By Zach Arnold | February 5, 2008
Update: A source who has read the summary of the lawsuit filing sends this (case no: 08 A 556504):
Plaintiff purchased certain assets of defendant’s business under the Pride, Pride Fighting Championship and Bushido brand names. Because plaintiffs are involved in the gaming industry, defendants were required to cooperate with and submit to background checks and drug tests to ensure compliance with the regulatory requirements of plaintiff’s gaming license. Defendants failed to cooperate with, submit to or pass such background checks, defrauding plaintiffs into entering the agreement for “millions upon millions of dollars.”
The judge assigned to the case is Mark R. Denton and the lawsuit was filed on the 1st. PFC worldwide’s attorney in the case is Daniel Polsenberg. If anyone can access the 29-page court filing, please let me know.
Update II: From Sherdog:
A source close to DSE told Sherdog.com on Tuesday that Sakakibara was preparing his own suit against the Fertittas for breach of contract stemming from the decision to shut Pride down last October.
Fightlinker sums up the mess UFC is in right now.
A strange news item today from Dave Meltzer claims that PRIDE FC Worldwide, the company UFC set up for the PRIDE asset sale transaction, is going to sue Dream Stage Entertainment for fraud in relation to the PRIDE asset sale agreement.
Why is it a curious move? Because the lawsuit, if true, would likely justify the notion (in my opinion) that UFC’s due diligence on the PRIDE asset sale deal was inefficient in finding out what was real and what wasn’t. At the time the deal was made, it was extremely questionable on several levels.
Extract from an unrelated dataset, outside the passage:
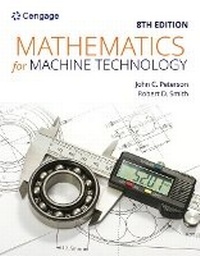 Abbildung von: Bundle: Mathematics for Machine Technology, 8th + Nims Machining Level 1 Study Guide + Print Reading for Machinists, 6th - Cengage Learning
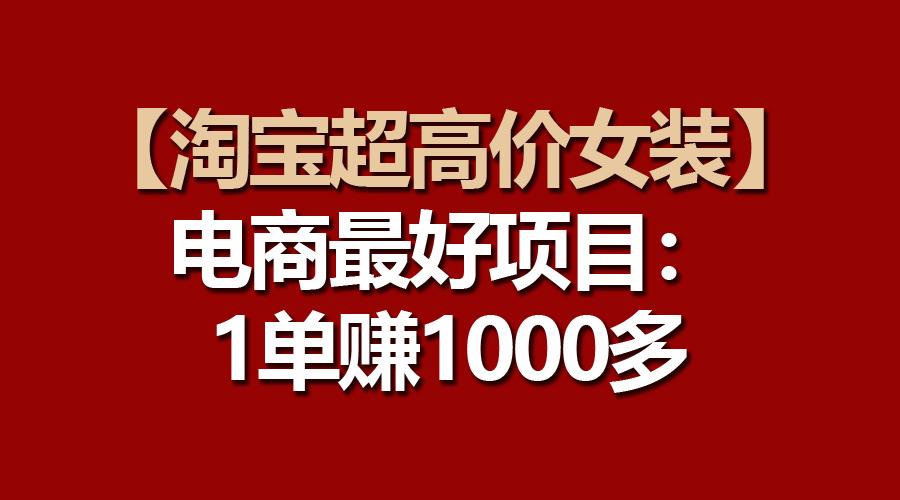 【淘宝超高价女装】电商最好项目：一单赚1000多-翻身站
The biggest conundrum that Zuffa faced with their deal with DSE (and may face now in civil court) is the yakuza angle. Everyone in the MMA business knew about the Shukan Gendai yakuza angle and understood that the scandal put DSE in the precarious position that it was in before the asset sale was made. I always questioned why Zuffa pulled the trigger on the deal, considering that it put the gaming license of the Fertittas in a tenuous position with the Nevada Gaming Commission (they don’t like any deals with organized crime).
In order for Zuffa to claim that DSE defrauded them on the asset sale, it would basically be admitting that Zuffa’s due diligence didn’t foresee some of the apparent problems in the evaluation of the PRIDE’s assets. For example, it was long-rumored that DSE didn’t own 100% of the rights to their video footage (Fuji TV produced a lot of the big shows), which may be a possible reason as to why we haven’t seen UFC extensively use PRIDE’s video library.
Zuffa’s reported lawsuit against DSE opens up a major can of worms for a lot of parties and some of the surprises may not be good for UFC in court. Besides the Nevada Gaming Commission having some interest in the lawsuit, you can bet that Ed Fishman will be interested in the proceedings. Additionally, I would expect that some fighters who did not get paid by DSE before PRIDE shut down might consider filing an attachment (lien) on whatever earnings Zuffa gets in the civil suit (think: Miro Mijatovic’s lien attachment on the Seiya Kawamata lawsuit against Nippon TV.)
If the civil suit (through deposition and discovery) reveals deep yakuza relations in DSE (affirming Shukan Gendai’s claims), then it’s going to put Zuffa in quite an interesting PR situation.